The head of Showtime pointed out that prior to this promotion that they had done one pay-per-view event in the previous three years, which was the 2017 spectacle between Floyd Mayweather and Conor McGregor, which did a reported 4.3 million buys.
Wilder-Fury, which ended in a draw, reportedly did 325,000 buys.
On Jan. 19, Showtime distributed another pay-per-view event featuring Manny Pacquiao and Adrien Broner. On March 16, there is the battle between welterweight world titlist Errol Spence Jr. and Mikey Garcia. April 20 sees another welterweight titleholder, Terence Crawford, take on Amir Khan.
With Fury signing a new co-promotional agreement with Top Rank that will see him perform on ESPN platforms, the status of the rematch with Wilder — which was earmarked as a pay-per-view card in the spring — is now unclear moving forward.

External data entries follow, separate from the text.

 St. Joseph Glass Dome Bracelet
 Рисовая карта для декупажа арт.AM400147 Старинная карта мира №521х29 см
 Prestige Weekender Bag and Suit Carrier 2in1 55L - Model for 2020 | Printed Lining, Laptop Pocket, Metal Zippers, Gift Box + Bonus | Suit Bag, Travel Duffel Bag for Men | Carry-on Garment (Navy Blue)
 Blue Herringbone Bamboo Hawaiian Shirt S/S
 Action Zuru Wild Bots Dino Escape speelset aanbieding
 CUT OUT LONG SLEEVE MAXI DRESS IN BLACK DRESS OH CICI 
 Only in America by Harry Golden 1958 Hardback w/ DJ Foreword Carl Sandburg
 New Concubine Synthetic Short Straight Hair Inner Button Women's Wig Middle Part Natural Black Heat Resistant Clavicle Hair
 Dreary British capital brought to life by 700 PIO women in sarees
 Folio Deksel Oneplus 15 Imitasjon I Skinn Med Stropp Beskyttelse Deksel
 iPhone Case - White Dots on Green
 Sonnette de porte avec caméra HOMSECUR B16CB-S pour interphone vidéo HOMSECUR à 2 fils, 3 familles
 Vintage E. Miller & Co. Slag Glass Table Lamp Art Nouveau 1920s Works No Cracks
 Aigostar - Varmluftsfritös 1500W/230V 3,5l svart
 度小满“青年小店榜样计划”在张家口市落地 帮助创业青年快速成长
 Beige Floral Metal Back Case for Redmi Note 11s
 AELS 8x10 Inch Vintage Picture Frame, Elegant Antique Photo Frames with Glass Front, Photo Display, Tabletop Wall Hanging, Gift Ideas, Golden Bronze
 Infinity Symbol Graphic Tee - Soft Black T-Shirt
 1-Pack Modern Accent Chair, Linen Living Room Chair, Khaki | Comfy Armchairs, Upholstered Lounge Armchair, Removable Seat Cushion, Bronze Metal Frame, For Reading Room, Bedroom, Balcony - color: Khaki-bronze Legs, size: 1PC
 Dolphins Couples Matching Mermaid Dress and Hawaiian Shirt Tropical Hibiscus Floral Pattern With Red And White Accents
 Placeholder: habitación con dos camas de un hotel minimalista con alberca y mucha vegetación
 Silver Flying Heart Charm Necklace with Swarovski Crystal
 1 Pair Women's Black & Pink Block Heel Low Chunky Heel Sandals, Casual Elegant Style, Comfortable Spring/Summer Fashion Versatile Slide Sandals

So that’s at least three pay-per-view events in the first half of 2019, with more sure to follow in the upcoming months. Over the past few years — with the retirement of Mayweather and with Pacquiao’s career winding down — there hadn’t been a real regular schedule of pay-per-views as their had been in the past, save for the biannual appearance of Canelo Alvarez (and more on him later).
But it’s clear that the pay-per-view platform will once again be a major component of the boxing industry.
From 1984 to 2015, Mark Taffet was at HBO Sports, and for much of this time the network was the 800-pound gorilla when it came to televising the sport and distributing pay-per-views, generating hundreds of millions of dollars for the likes of Oscar De La Hoya, Mayweather, Pacquiao, Alvarez and Miguel Cotto, among others. For years, Taffet was the head of HBO PPV. He sees a vibrant and new landscape emerging for the sport.
“I think it’s great for boxing that there’s so many new players and so much money coming into the sport, it’s allowing opportunities for young fighters to be seen and developed, and it’s going to, over the long run, make for more frequent and bigger, better fights,” he told ESPN.com. “It’s a very different marketplace with these new streaming services, these monthly subscription services, and I think as a result of it, will redefine pay-per-view and probably make pay-per-view a better business.”
Taffet, though, points out a key difference between the past and the present.
“In the old days it was $30, $40, $50 a fight, and now it’s $70, $80, $90 or $100,” Taffet said.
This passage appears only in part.